震災後、5ヶ月が経った宮城県。瓦礫の撤去が進み、広大な空き地が至る所に存在して、夏草が生い茂っていた。閖上にしろ、石巻にしろ、海岸付近の土地は広大で、陸上スタジアムがいくつもできる。これからいったいどのような開発が行われるのだろう。果たして、人々は戻ってくるのだろうか。
かつてシルクロードの拠点として栄え、川の流れが変わったために人々に見捨てられて少しずつ砂漠に埋もれていった古代遺跡のような雰囲気が漂っている。
現在、仮設住宅の建設が進み、多くの人が避難所や知り合いの家から仮設住宅に移っているが、仮設住宅というのは、住宅の提供だけではなく、生活用品が一式揃えられている。

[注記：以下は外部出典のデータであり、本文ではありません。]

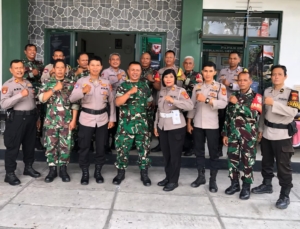 HUT TNI ke-80 Kapolsek Denpasar Barat dan Danramil 1611-07/Denbar Pererat Sinergitas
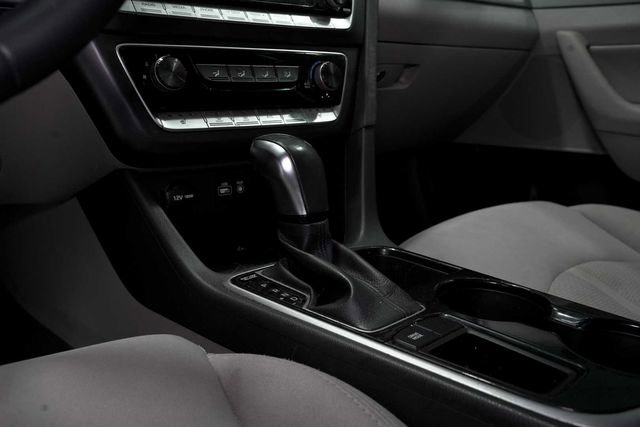 Used 2018 Hyundai Sonata SEL w/ Cargo Package image 20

キッチンやお風呂、エアコン、冷蔵庫、洗濯機、20インチか24インチくらいあるテレビ、炊飯器、電子レンジ、コタツ、布団二組(一人暮らしでも)、シーツ、枕、米、食器、端・・、とにかく至れり尽くせりで、仮設住宅を出る時に、全部もらえるそうだ。
なんだかんだ言って、日本は凄い。
それに比べて、石巻などで、一階が津波によって完全に破壊されてはいるものの2階が無事のため2階で家族全員で生活している人は、エアコンは室外機が破壊されて動かないので扇風機を買い、お風呂もない、キッチンもない、洗濯機もないので手洗いで、という非常に不便な生活を送っている。この落差は、いったい何なんだろうと思ってしまう。

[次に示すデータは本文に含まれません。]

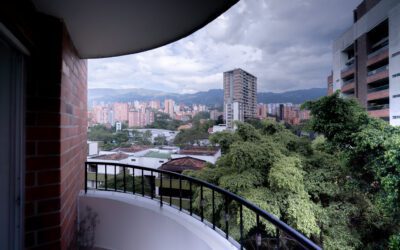 Price Reduced! Two-Level Zuñiga (Envigado) Penthouse – Stunning Views + Quiet Neighborhood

私が、3月に取材させていただいた方は、8月6日、ようやくボランティアの手を借りて、床の下にたまった泥のかき出しをしていた。
石巻には、大勢のボランティアが来ているが、宮城県第2位の人口16万の大きな町で、被災した家も莫大ゆえ、順番待ちの状態だ。
行政としては、数えきれない被災者が出ているので、効率優先で、機械的に対応せざるを得ないところもあるだろう。平等にきめ細かく支援していけるような段階ではないことは確かだ。
ただ、仮設住宅など画一的な対応が一段落ついたら、個々のケースにどのように対応していくかが大事になってくるのだろうと思うけれど、行政に、そうした対応が可能だろうか。
行政は、状況に応じて判断していくということが一番苦手だ。
個々のケースを考慮するよりも、画一的に家電製品を与えるという判断の方が楽で、速い。
だから、けっきょく行政のやることは、数の論理となってしまい、個々は、個々でやるしかなくなる。